Welcome to the club (was Re: )

From: Michel Jullian (mj@exbang.com)
Date: Fri Sep 17 1999 - 13:38:42 EDT


Lars Pellarin wrote:

> (whats core opcodes btw?)

Think of opcodes as hardware synth modules, whose inputs lie between the (),
and into whose output you can plug a wire "RedWire" by typing :
RedWire = buzz(440,...);
where 440 is the desired frequency and '...' stands for other inputs which I
can't remember off hand. Note that if you replace 440 with BlueWire, itself
plugged into another oscillator's output, you are doing FM :-)

'Core opcodes' are opcodes built into the language, by opposition with 'user
defined opcodes' which are opcodes whose code is typed directly into the SAOL
file by the user.

> >These instruments are both really boring (sine-wave oscillators) but
> >it shows that all the tools are there to code algorithms at the lowest
> >level ...
>
> I see. So that means YES, i can do things never done before... IF i have the
> coding skill (obviousely i would be able to do anything if i had the skill
> but... you know)

SAOL at the lowest level (without using opcodes), like in "x=x-a*y;", is much
simpler and more readable than C (of which it seems to be a self-sufficient
subset), but still needs learning ;-)

> well, that sfront programs output needs to be compiled right? - i dont have
> a compiler, so i guess i cant make the dlls huh? I really need that C stuff
> dont i?

You'll have to wait for a few weeks I expect before sfront can produce dlls,
and a few more before it can produce Buzz machines. Michael Gogins has done
some solid conception (with help from Ross Bencina and meagre help from me)
and will start coding demand-driven plugability into sfront's output in a few
days he tells me, right after he has finished a Java interface for sfront.

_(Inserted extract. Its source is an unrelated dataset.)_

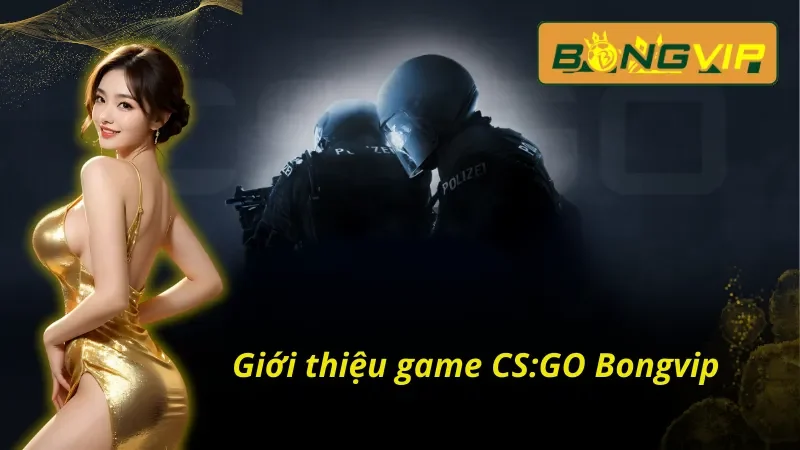 Tổng quan những thông tin thú vị về CS:GO Bongvip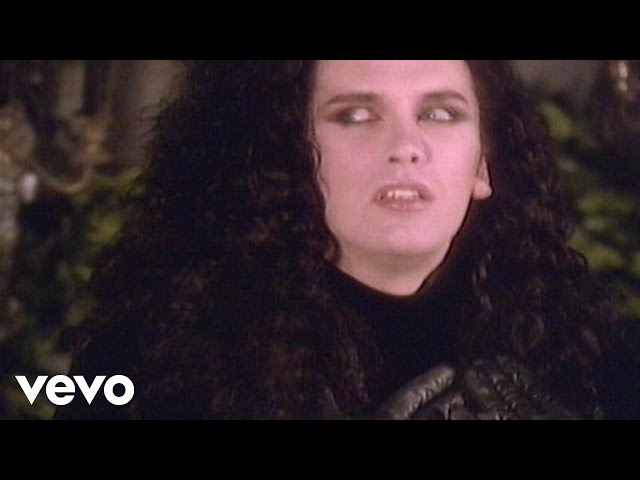 Dead Or Alive - Something in My House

For the moment SFront outputs a standalone program sa.c which, when compiled
into sa.exe (you need a win32 version of gcc or lcc for this, ask me for the
url if you don't know where to find it) and run, produces output.wav. It's all
command-line stuff, you'll find the syntaxes in John's book's simple example
tutorial. I recommend the use of a .bat file to do it all with one double-click.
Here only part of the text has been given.